Jordan made her remarks Wednesday at the National Press Club during the release of “Investing in the Future: Sharing Responsibility for Higher Education Attainment,” the capstone report of the National Commission on Financing 21st Century Higher Education. The commission – which has produced 10 white papers on a range of higher education issues – was created by the University of Virginia Miller Center.
The final report draws from all those papers and makes a series of recommendations that Brian Fitzgerald, CEO of the Business-Higher Education Forum, described a “full menu of strategies that we all have to advance.”
Fitzgerald pressed for better information to match graduates with jobs.
“If we don’t do a better job of informing students and families where the jobs are at all levels, from certificates to bachelor’s or master’s degrees, and be very clear about what the relative skill levels are, and what sectors are growing versus which are not, I don’t think we can ever restore confidence in higher education to provide a future for Americans young or old,” Fitzgerald said.
Fitzgerald echoed a recommendation of the report to make better information “available to all students and parents when choosing degree programs and schools.”
“Information should include the cost of attaining a credential or degree from various institutions available in the region and the potential wage value of different credentials,” the report states. “A major reason some students default on college debt is because they choose careers that do not adequately compensate them for the cost of attending college.”
The report also calls for states to “stimulate the development and implementation of low-cost education delivery models.”
“That’s fine, especially for certain groups of people,” Jordan said. “But if you look at underrepresented students, students who are first generation in college, oftentimes they do better when they’re involved in something that is a high impact practice.
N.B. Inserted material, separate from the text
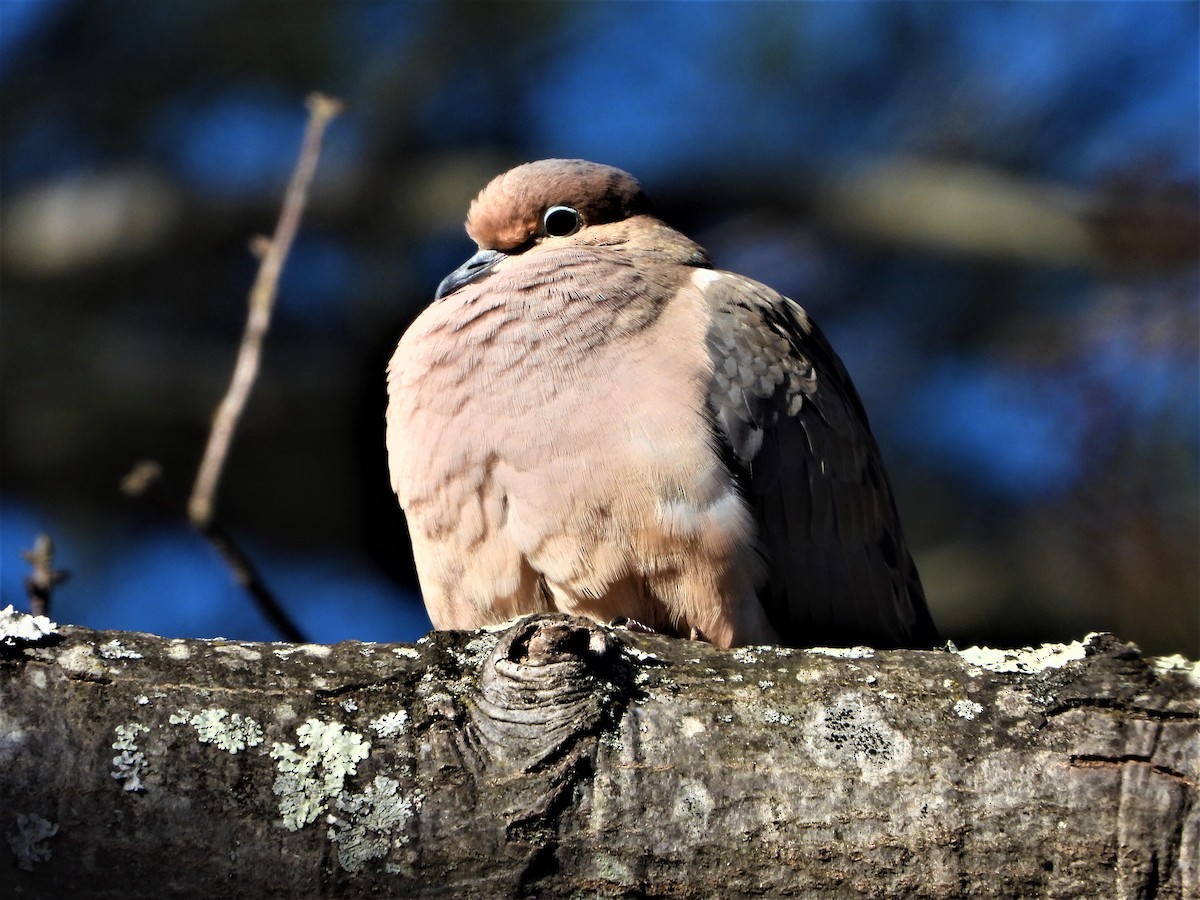 Зенаїда північна - ML297332631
Those things are expensive, even though they increase graduation and retention rates.”
High-impact practices at St. Mary’s includes first-year seminars, learning communities, collaborative projects, undergraduate research, service learning, internships, study abroad, and senior capstone courses, according to the St. Mary’s 2016-2019 strategic plan and a 2016 budget document.
Not all of the recommendations made in the report released Wednesday are universally accepted. For instance, in its call to “encourage productivity in the postsecondary system,” the report says states should employ outcomes-based funding, or OBF, formulas when distributing institutional aid so that more resources go to colleges and universities that increase productivity.
“Despite the compelling logic behind paying for performance in higher education, research comparing states that have and have not adopted the practice has yet to establish a connection between the policy and improved educational outcomes,” states a recent paper from The Century Foundation, that points out universities in Indiana, which have adopted OFB, have become “more selective and less diverse.”
Quarrels with the recommendations of the Miller Center’s latest higher education report aside, Jordan said the paper will help higher education leaders and policymakers focus on how to deliver education to groups who “represent the changing demographic of America.” Doing so, she said, will lead to outcomes that transcend higher earnings.
“When you think about society, when you think about people who are highly educated, they are more civically engaged,” Jordan said. “They want to do more for people and they want to increase their philanthropy, not just because they have the money but because they see the need.”